#### [Entries provided]
--------------------------------------------------

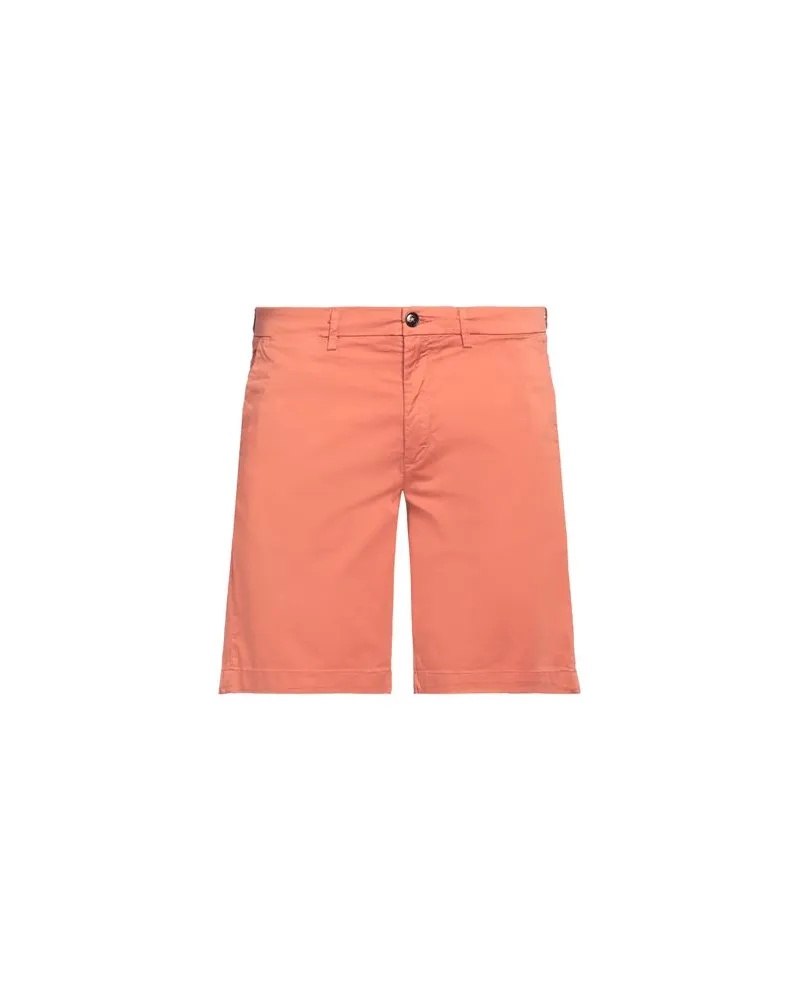 Liu Jo HOSEN & RÖCKE - Shorts & Bermudashortsauf YOOX.COM Ziegelrot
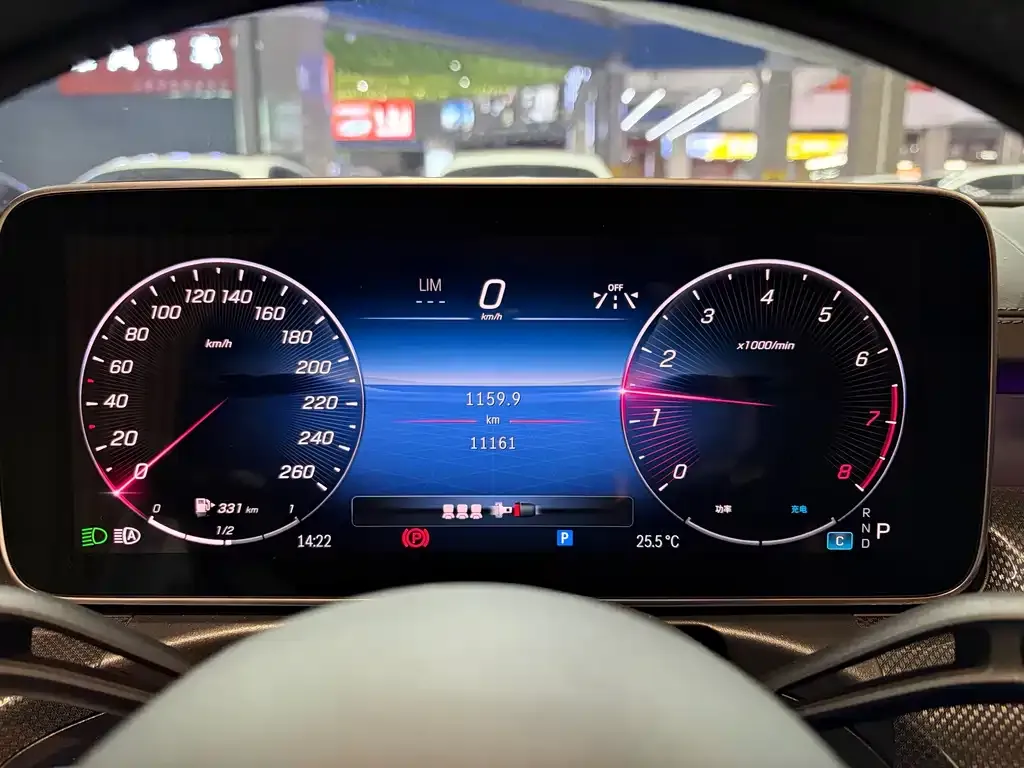 Mercedes-Benz C-Class — фото 9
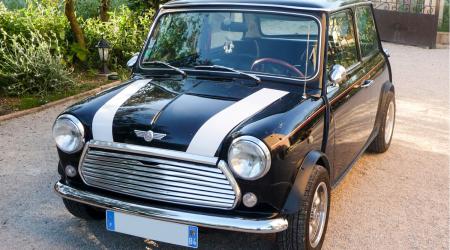 Voiture de collection « Mini 1000 30ème anniversaire »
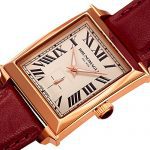 Bruno Magli Italian Leather Strap Watch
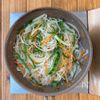 ワンパン10分！【上州牛としらたきのチャプチェ風炒め】の工程3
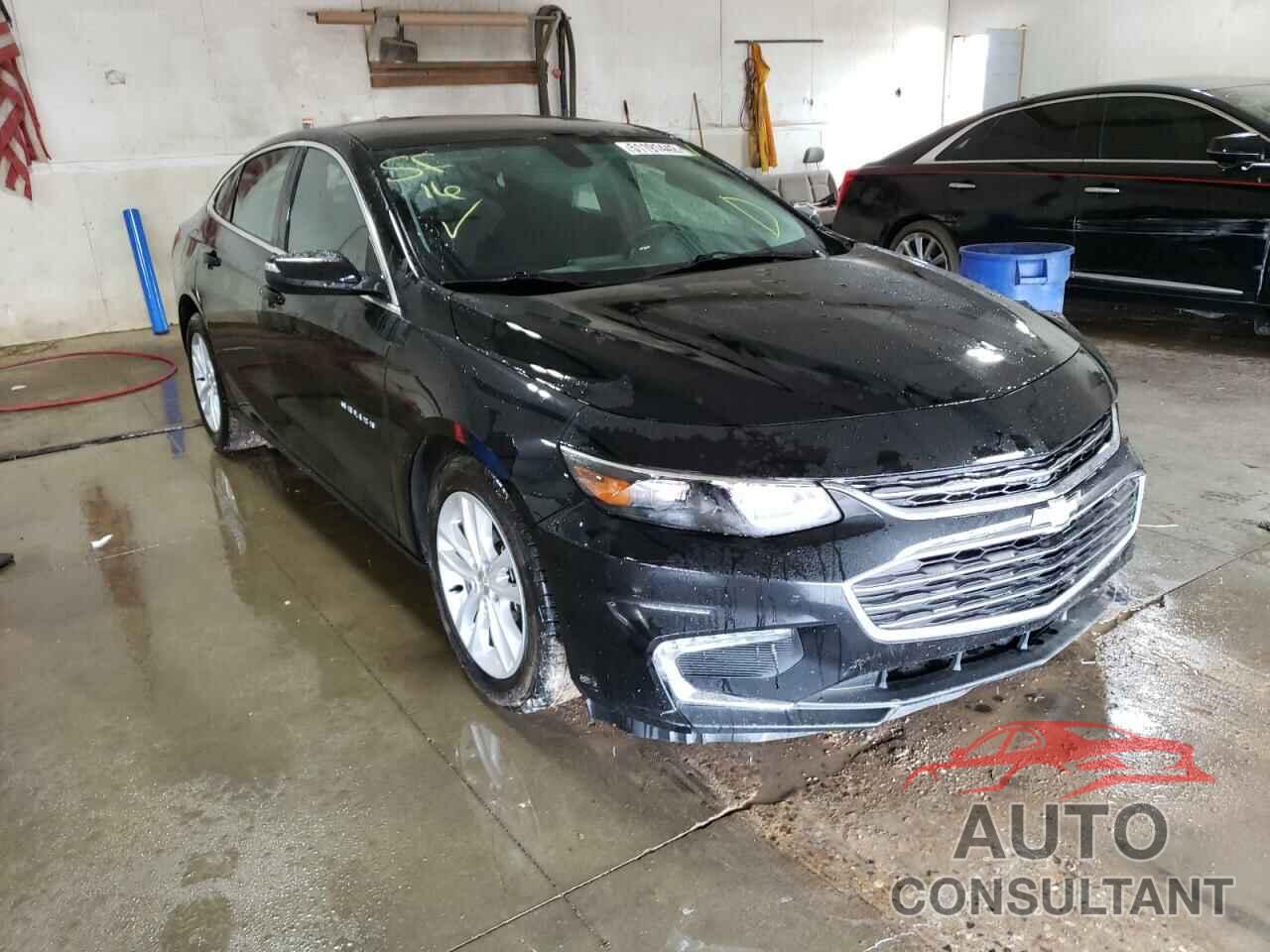 CHEVROLET MALIBU 2016 - 1G1ZE5ST0GF355599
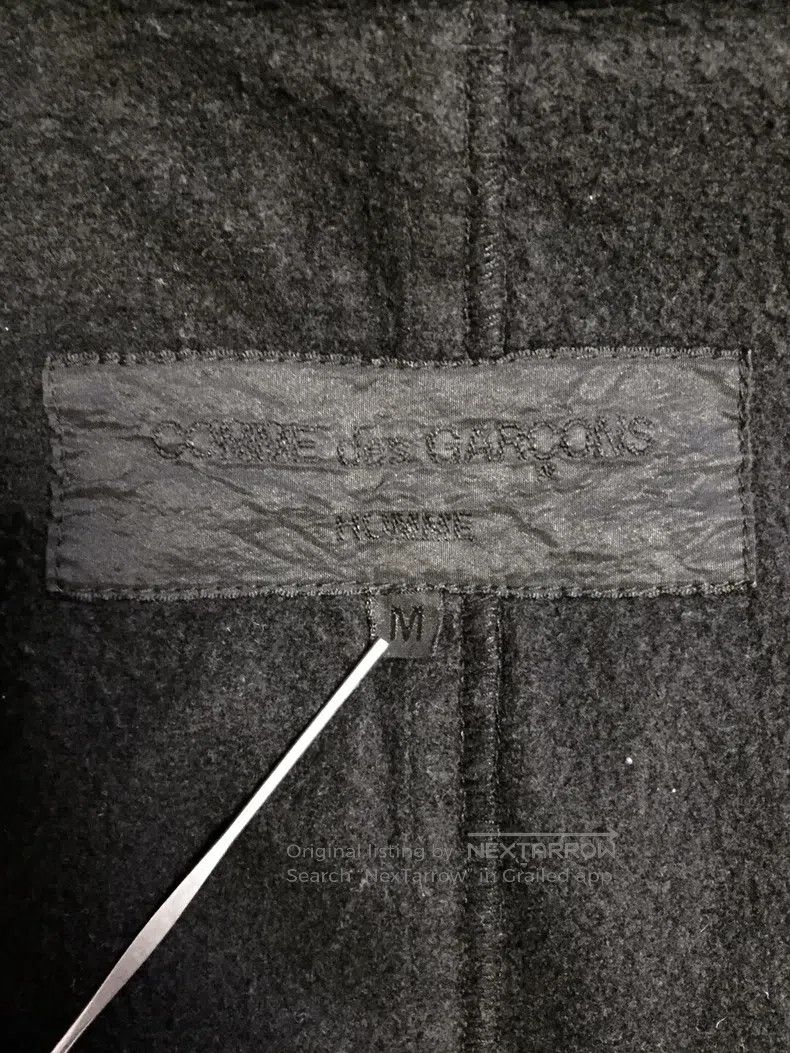 Comme des Garcons Comme Des Garcons Blazer Size US M / EU 48-50 / 2 - 6 Thumbnail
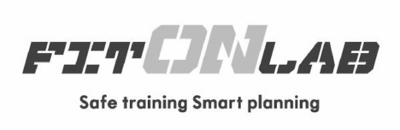 FITONLAB - SAFE TRAINING SMART PLANNING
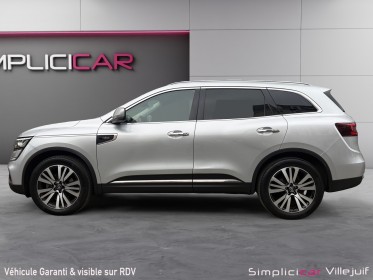 Renault koleos blue dci 150 ch x-tronic initiale paris sièges electriques, volant chauffant, garrantie 12 mois occasion...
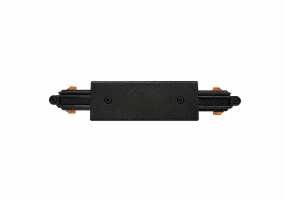 Alimentation Centrale Noir De Nordic Lighting - Connecteur central pour le syst&egrave;me de rails Forma de Nordic Lighting.
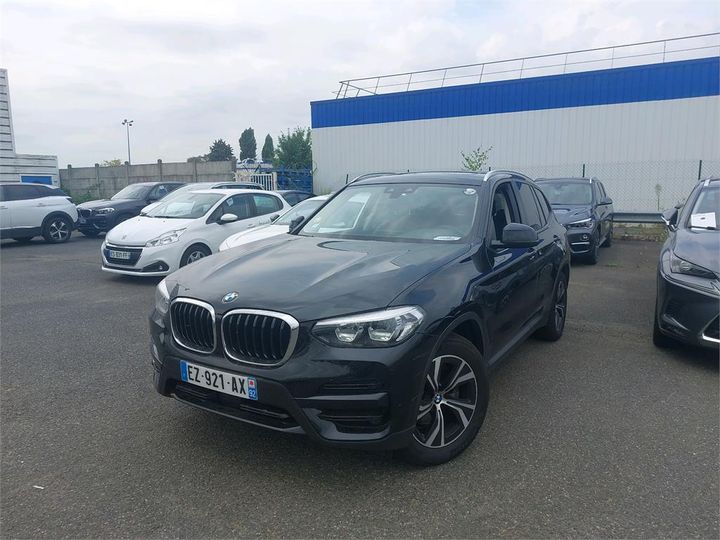 bmw x3 2018 wbatx31060lc41164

--------------------------------------------------

With pictures omitted, restate exactly every line from the one containing "Comme des Garcons Comme" through the last line of the material, inclusive.

 Comme des Garcons Comme Des Garcons Blazer Size US M / EU 48-50 / 2 - 6 Thumbnail
 FITONLAB - SAFE TRAINING SMART PLANNING
 Renault koleos blue dci 150 ch x-tronic initiale paris sièges electriques, volant chauffant, garrantie 12 mois occasion...
 Alimentation Centrale Noir De Nordic Lighting - Connecteur central pour le syst&egrave;me de rails Forma de Nordic Lighting.
 bmw x3 2018 wbatx31060lc41164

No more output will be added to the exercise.